What to do ▸
Reproduce the data below in full and exclude every picture.

Excerpted records ▸
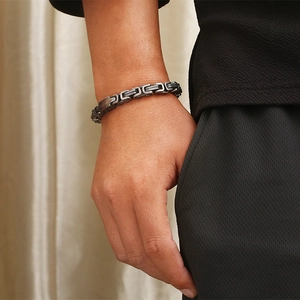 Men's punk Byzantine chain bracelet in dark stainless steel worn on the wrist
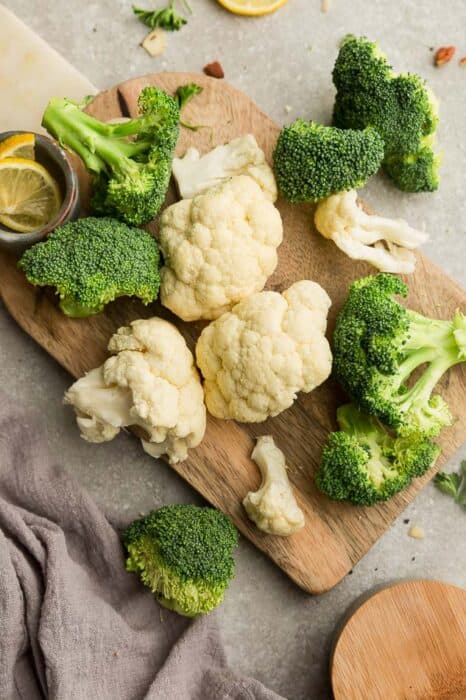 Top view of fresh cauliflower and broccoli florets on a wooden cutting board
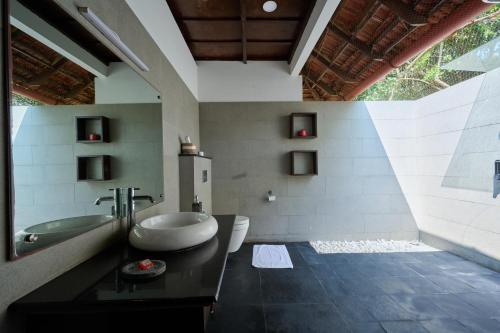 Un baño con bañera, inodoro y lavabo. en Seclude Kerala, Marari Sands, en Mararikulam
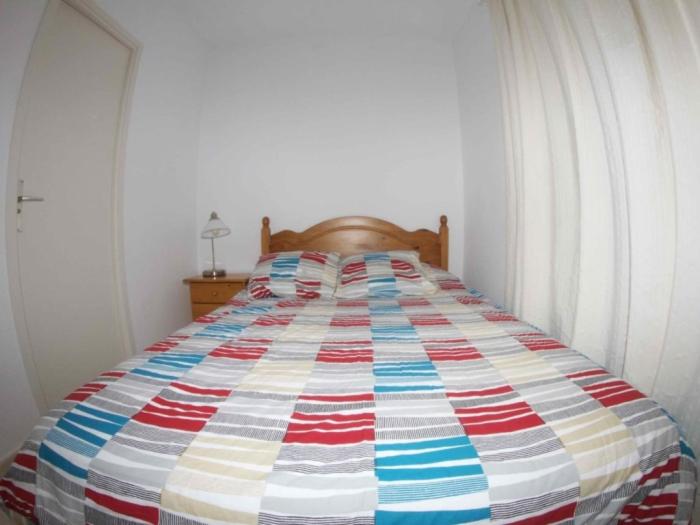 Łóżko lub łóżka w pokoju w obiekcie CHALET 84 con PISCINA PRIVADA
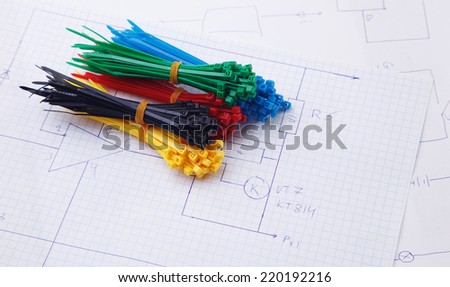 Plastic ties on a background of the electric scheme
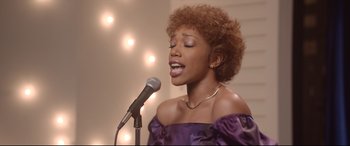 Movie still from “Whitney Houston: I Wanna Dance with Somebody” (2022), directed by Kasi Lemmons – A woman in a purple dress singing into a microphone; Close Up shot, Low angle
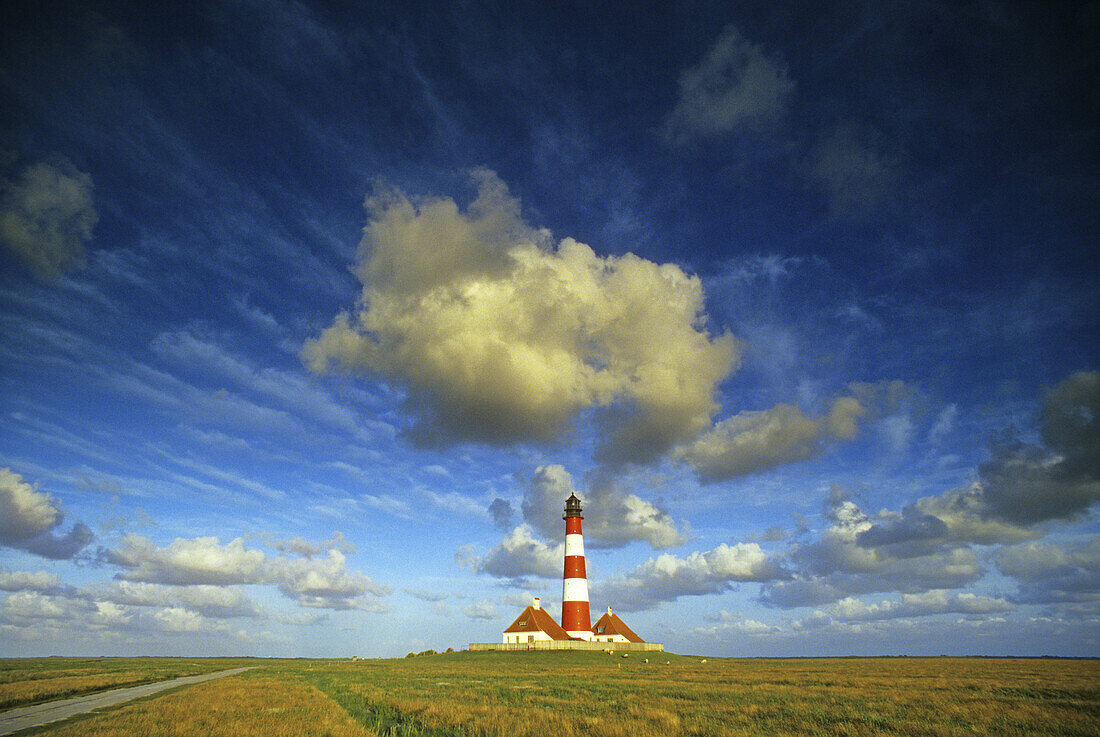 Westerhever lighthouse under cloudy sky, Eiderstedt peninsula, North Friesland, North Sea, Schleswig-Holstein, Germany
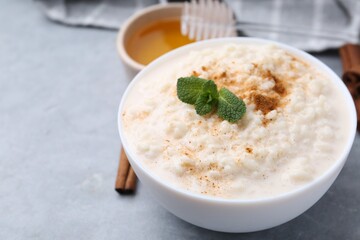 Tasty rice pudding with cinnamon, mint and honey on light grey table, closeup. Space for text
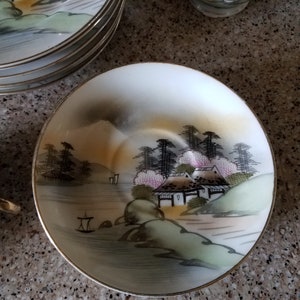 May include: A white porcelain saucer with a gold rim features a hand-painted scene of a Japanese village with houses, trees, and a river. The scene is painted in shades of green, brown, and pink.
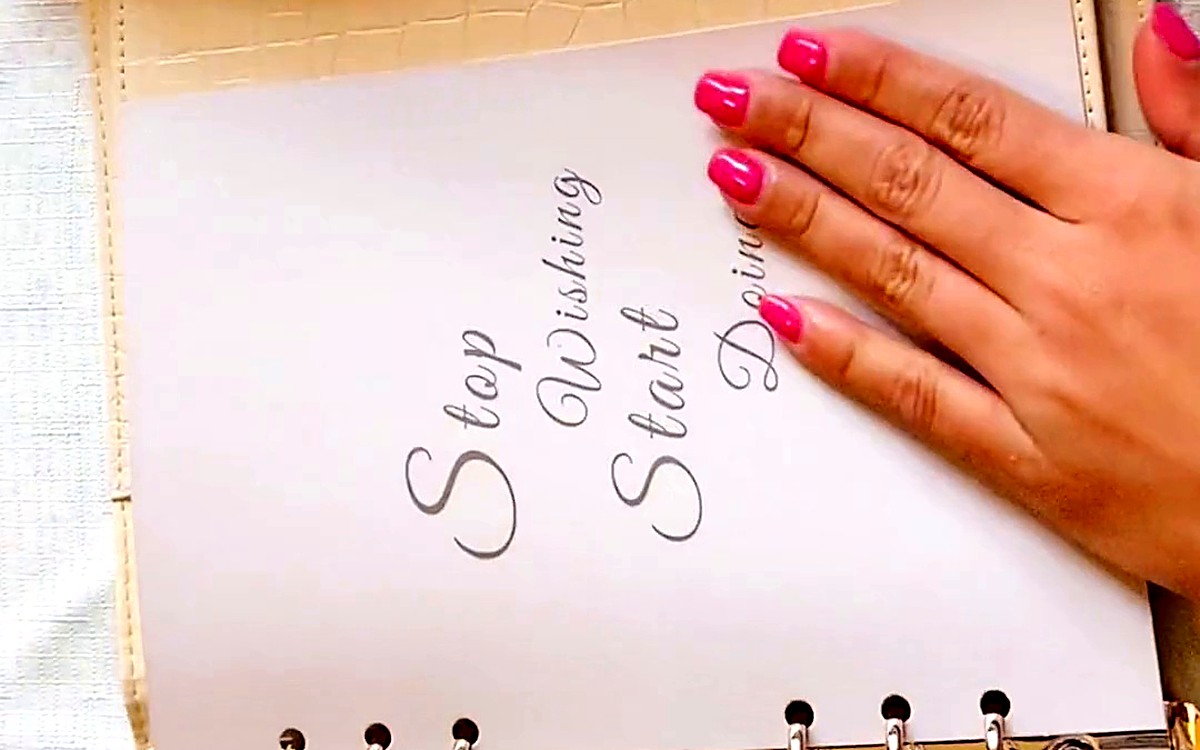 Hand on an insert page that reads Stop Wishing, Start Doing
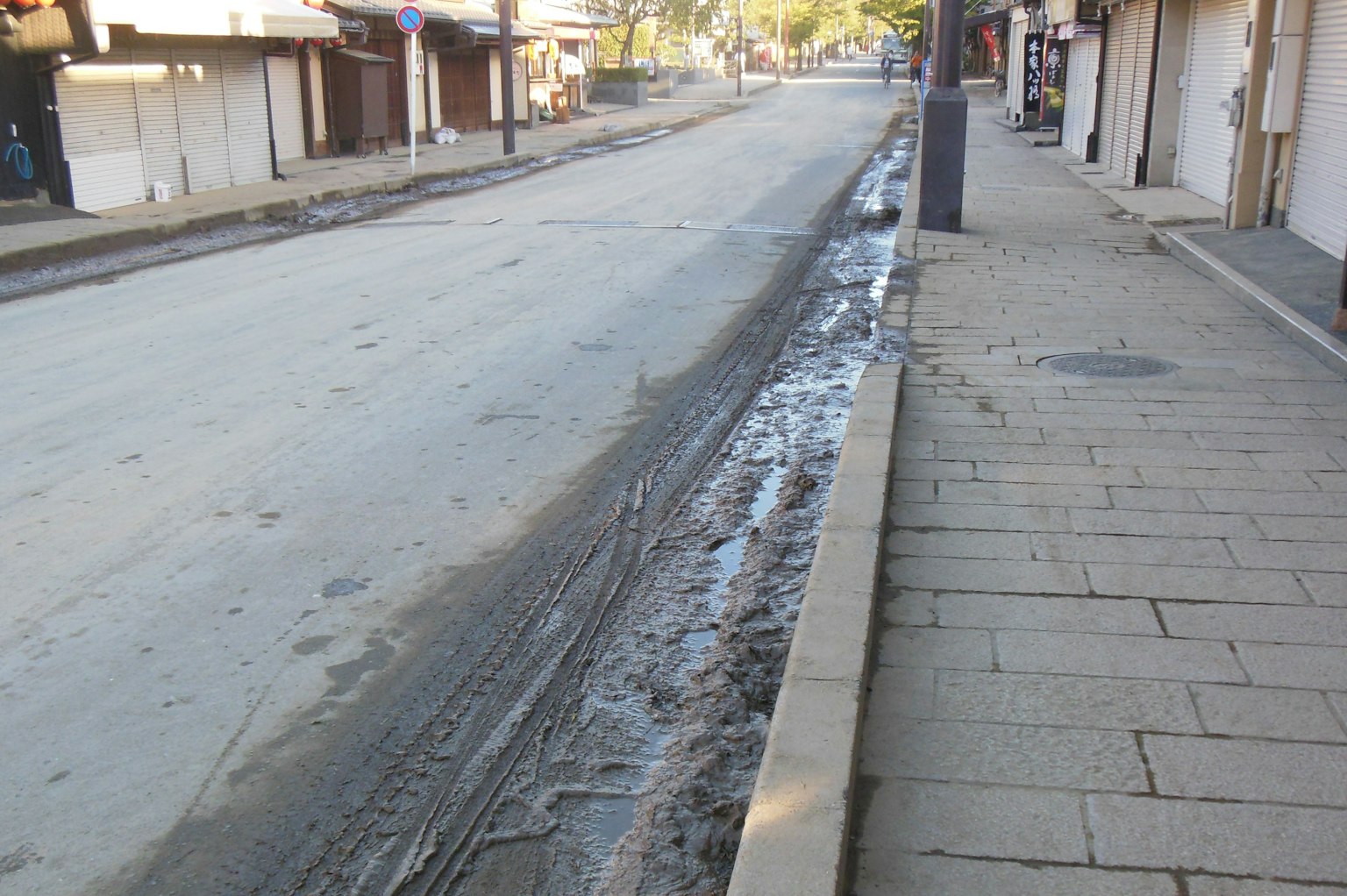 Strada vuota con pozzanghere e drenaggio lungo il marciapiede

Solution ▸
 Men's punk Byzantine chain bracelet in dark stainless steel worn on the wrist
 Top view of fresh cauliflower and broccoli florets on a wooden cutting board
 Un baño con bañera, inodoro y lavabo. en Seclude Kerala, Marari Sands, en Mararikulam
 Łóżko lub łóżka w pokoju w obiekcie CHALET 84 con PISCINA PRIVADA
 Plastic ties on a background of the electric scheme
 Movie still from “Whitney Houston: I Wanna Dance with Somebody” (2022), directed by Kasi Lemmons – A woman in a purple dress singing into a microphone; Close Up shot, Low angle
 Westerhever lighthouse under cloudy sky, Eiderstedt peninsula, North Friesland, North Sea, Schleswig-Holstein, Germany
 Tasty rice pudding with cinnamon, mint and honey on light grey table, closeup. Space for text
 May include: A white porcelain saucer with a gold rim features a hand-painted scene of a Japanese village with houses, trees, and a river. The scene is painted in shades of green, brown, and pink.
 Hand on an insert page that reads Stop Wishing, Start Doing
 Strada vuota con pozzanghere e drenaggio lungo il marciapiede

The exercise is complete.